Yong Kee Bak Kut Teh
Hawkers of SG #93 – Yong Kee Bak Kut Teh
Though we have only been in Taman Jurong for 4 years, our brand, Yong Kee Bak Kut Teh, has been around since 1989. I used to be in the renovation industry, and it was my Malaysian friend in that trade, who taught me how to cook Bak Kut Teh. I was about 37 years old when I decided to make the switch to become a hawker. The renovation works couldn’t provide for my family.
The greatest challenge today is the long hours. On the days we operate, we will leave our home at 9am, and work for a good 13-14 hours before heading home. Given our age, we don’t have much strength anymore. Sometimes, my wife and I get really tired, and will take an additional day off to recuperate.
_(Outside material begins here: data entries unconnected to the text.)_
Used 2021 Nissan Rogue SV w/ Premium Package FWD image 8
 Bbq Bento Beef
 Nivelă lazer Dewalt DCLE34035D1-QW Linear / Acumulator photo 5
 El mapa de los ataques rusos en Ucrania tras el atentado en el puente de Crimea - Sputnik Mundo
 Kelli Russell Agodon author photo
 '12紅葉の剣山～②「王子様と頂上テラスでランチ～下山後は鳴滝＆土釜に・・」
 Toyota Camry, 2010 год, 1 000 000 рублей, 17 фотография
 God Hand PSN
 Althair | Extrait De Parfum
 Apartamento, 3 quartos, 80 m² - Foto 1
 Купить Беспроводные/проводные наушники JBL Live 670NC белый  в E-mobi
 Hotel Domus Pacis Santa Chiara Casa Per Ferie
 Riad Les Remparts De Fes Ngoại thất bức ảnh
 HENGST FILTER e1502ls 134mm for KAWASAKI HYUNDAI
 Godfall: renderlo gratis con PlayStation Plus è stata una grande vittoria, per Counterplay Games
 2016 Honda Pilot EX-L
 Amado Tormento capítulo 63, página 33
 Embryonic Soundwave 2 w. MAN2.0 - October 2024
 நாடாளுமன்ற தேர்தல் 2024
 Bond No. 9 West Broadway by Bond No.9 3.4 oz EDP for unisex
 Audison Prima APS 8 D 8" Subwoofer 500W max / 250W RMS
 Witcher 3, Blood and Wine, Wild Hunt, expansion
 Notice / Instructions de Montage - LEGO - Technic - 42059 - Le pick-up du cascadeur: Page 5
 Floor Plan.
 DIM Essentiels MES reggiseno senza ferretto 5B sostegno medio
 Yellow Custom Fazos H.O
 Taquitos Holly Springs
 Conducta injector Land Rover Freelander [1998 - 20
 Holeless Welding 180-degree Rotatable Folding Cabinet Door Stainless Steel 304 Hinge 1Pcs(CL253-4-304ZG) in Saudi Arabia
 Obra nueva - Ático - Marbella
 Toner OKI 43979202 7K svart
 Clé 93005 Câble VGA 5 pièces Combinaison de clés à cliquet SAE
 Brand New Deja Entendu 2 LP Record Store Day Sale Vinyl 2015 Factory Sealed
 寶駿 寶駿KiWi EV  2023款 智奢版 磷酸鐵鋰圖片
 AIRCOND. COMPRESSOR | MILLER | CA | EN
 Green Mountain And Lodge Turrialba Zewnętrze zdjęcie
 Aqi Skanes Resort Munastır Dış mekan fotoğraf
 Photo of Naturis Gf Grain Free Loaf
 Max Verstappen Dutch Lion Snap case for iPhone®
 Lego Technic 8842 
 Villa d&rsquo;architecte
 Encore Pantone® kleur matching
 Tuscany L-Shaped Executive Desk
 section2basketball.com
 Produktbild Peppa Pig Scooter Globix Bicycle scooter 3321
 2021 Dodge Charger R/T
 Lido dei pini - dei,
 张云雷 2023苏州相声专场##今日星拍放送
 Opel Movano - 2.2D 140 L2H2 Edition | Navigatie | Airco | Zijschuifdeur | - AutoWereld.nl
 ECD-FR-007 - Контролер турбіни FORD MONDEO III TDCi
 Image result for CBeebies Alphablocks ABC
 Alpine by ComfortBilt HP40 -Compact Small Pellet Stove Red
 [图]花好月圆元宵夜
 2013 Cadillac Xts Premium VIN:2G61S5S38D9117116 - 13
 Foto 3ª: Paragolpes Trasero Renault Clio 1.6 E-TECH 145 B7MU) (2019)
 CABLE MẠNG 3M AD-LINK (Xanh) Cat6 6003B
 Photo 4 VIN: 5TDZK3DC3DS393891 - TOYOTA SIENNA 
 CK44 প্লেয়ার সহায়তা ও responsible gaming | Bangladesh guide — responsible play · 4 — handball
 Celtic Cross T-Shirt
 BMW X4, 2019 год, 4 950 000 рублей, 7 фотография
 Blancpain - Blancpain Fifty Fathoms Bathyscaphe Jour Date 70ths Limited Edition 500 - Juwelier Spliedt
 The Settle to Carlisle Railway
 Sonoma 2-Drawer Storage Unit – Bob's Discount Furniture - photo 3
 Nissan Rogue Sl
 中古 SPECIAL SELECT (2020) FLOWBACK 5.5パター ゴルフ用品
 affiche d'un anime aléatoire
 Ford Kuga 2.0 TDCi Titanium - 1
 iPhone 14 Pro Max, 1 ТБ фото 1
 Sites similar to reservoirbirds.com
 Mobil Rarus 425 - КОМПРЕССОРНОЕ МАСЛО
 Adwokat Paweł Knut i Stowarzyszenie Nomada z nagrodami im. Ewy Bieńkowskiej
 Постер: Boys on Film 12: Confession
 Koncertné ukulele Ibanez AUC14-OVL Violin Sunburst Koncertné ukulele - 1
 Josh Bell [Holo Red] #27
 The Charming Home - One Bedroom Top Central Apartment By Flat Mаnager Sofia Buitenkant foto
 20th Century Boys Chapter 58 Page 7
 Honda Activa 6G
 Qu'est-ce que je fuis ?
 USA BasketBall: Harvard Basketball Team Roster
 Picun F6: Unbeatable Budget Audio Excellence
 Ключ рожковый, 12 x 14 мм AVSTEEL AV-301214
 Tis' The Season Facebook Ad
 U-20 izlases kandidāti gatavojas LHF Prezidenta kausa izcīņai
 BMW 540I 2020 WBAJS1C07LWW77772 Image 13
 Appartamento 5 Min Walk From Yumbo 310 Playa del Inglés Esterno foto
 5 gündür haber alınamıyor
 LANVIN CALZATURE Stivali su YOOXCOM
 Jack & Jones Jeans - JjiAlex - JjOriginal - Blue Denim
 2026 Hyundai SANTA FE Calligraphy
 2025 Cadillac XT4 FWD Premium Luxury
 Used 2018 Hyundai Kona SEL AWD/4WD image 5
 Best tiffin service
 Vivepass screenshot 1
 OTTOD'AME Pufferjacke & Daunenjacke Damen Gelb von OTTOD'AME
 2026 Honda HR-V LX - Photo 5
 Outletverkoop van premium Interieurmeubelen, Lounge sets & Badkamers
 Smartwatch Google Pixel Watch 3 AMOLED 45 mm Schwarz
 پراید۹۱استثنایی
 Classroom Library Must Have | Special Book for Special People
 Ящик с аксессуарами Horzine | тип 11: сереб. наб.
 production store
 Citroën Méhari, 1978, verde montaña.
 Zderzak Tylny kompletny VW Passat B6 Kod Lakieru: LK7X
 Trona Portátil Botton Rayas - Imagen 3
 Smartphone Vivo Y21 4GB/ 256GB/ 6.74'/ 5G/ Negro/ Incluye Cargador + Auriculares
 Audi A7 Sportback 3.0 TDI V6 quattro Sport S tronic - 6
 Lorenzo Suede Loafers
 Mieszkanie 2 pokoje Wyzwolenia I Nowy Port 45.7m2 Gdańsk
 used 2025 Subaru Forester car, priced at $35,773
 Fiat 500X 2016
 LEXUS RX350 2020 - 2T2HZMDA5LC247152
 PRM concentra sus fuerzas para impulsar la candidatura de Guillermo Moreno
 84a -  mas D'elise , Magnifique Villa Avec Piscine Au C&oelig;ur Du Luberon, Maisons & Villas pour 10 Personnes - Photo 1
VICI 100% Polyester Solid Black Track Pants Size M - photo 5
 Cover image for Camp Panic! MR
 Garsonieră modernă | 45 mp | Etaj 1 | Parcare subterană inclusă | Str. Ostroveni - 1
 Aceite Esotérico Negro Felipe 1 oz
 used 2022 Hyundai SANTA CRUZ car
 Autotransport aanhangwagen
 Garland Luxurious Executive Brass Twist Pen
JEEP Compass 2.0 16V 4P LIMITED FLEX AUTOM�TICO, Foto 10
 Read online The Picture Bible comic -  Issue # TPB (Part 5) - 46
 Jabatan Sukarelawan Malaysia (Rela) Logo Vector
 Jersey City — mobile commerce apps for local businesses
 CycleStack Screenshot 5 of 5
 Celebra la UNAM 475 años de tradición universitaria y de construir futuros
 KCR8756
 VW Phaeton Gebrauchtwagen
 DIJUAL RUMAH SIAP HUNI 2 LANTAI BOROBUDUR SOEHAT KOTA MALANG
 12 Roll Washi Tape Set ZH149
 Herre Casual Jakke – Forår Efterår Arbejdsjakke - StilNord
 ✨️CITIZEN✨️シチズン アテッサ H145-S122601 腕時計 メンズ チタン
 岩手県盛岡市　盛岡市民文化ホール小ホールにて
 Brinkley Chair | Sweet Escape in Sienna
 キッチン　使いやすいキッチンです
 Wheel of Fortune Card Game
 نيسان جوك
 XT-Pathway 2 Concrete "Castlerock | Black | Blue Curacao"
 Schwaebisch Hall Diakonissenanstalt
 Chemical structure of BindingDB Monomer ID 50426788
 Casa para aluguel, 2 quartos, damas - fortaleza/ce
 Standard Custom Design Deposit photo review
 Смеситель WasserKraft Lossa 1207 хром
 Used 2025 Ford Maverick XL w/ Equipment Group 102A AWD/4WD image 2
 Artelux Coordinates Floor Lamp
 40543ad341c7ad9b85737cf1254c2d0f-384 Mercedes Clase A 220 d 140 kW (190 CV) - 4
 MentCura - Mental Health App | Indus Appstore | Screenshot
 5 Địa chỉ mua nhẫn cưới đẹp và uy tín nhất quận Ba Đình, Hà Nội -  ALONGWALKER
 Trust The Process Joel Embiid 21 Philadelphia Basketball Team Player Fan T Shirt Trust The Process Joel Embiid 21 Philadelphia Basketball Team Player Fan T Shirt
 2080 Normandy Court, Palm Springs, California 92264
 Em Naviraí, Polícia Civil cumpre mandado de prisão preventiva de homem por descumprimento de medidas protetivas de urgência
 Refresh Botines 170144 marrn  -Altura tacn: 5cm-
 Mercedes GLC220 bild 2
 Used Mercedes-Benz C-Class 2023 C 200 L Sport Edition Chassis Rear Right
It’s tiring, but we chose to continue to kill boredom. We have not much to do at home anyway. Our kids are all grown up, with their own family and I’m happy they come over on Saturdays to spend time with us. Also, the recent Phase 2 HA reduced our sales by 20%, but honestly speaking, this helped us to relax. We don’t need to earn a lot every single day, and don’t mind taking it slow.
I’m happy to see how our hawkers have evolved over the years. The UNESCO listing has changed the way hawkers are viewed today. Previously, the impression of hawkers is one that is unglamorous and low-class, but this has been shifting.